The overall morphology of our ZrP samples depends on their preparation, as seen in Figure S3. When freshly mixed, the entire volume appears to be a turbid liquid crystal. However, this apparent uniform LC is a mixture of nanosheet-rich and water-rich phases, which can be partially separated by weak centrifugation. Each suspension was loaded into a cylindrical glass capillary (0.8 mm in diameter) and flame-sealed. The capillary was then swing-bucket-centrifuged at 7000× g for times ranging from a few minutes to 1 h. After this weak centrifugation, denser sediment was observed at the bottom of the capillary and clear supernatant at the top (Figure S3). We then immediately carried out SAXS measurements. No X-ray scattering was detected from the supernatant. The scattering from the liquid-crystalline sediment after centrifugation showed little change in either the Bragg peak position (open circles in Figure 1b) or the peak width as compared with the original suspension (Figure 1b inset). The apparent volume fraction of the sediment ϕ_sed, calculated based on the relative height of the sediment in the capillary after centrifugation (ϕ_sed/ϕ_sample = V_sample⁄V_sed), increases with centrifugation duration (dark pink region). But there is essentially no change in d until a threshold centrifugation duration and/or strength, above which the d spacing becomes substantially smaller (light pink region). These results suggest that the monolayer nanosheets in the original suspension phase separate into a water-rich phase and a nanosheet-rich phase in which the intersheet spacing is much smaller than t/ϕ_sample. Weak centrifugation (in the dark pink region of Figure 1b) stratifies these phases into two distinct regions without noticeably affecting their internal structure.

Confocal fluorescence microscopy, discussed next, indicates that the concentration of nanosheets in the water-rich phase is extremely low, essentially zero at the higher sample concentrations. Under this circumstance, if centrifugation achieved complete separation of the two phases and if the observed short-range, lamellar ordering corresponded to layers uniformly filled with sheets, then the dark pink region in Figure 1b would extend all the way to the black line (ϕ_sed = t/ϕ_sample,). The fact that the volume of the sedimented fraction gets smaller with no change in d indicates that centrifugation below the threshold does not compact the nanosheet-rich phase uniformly, resulting in packed ϕ_high domains embedded in ϕ_low regions.
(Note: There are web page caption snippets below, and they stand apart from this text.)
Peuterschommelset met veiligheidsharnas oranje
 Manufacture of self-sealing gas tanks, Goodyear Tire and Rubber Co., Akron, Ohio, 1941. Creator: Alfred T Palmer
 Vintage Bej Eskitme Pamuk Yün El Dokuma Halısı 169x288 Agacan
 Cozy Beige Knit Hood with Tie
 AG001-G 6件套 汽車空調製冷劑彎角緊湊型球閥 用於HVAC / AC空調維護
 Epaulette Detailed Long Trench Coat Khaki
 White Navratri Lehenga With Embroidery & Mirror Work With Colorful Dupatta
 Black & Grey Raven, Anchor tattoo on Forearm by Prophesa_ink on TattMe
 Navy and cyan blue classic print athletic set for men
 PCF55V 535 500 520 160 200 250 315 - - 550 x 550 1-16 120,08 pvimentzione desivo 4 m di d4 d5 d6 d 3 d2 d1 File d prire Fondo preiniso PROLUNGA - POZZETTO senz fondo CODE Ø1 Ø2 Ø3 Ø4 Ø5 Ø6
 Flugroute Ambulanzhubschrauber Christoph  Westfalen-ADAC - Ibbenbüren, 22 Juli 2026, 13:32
These morphologies will be discussed further below. That the entrained water-rich phase may not be completely separable by weak centrifugation is also indicated at lower concentrations, where the phase separation appears to result in a foam or gel of the two phases.

The absence of a significant concentration of nanosheets in the water-rich phase means that their osmotic pressure is relatively low, raising the question of what is determining the periodicity of the lamellae in the nanosheet-rich phase. There clearly must be attractive interactions between the plates. In order to explore this further, we added deionized water to the suspensions, either as-prepared or sedimented, and then remixed them. The addition of deionized water always had the effect of increasing d. The intersheet spacing is therefore determined not only by the characteristics of ZrP but also by the ions in the solution, principally H⁺, OH⁻, and the TBA⁺ cations. In equilibrium, some TBA⁺ cations dissociate from the nanosheets and partition at different net concentrations in the two phases. Adding more water changes this equilibrium, resulting in the dissociation of more TBA⁺ cations so that the nanosheets end up with more uncompensated charges, giving a stronger electrostatic repulsion of the nanosheets and thus a larger intersheet spacing. To verify this effect, samples with the same concentration of ZrP but different relative amounts of TBA were prepared and characterized using SAXS. The intersheet spacing became smaller with increasing TBA⁺ cation concentration, as shown in Figure 1c, in accordance with the dilution experiments.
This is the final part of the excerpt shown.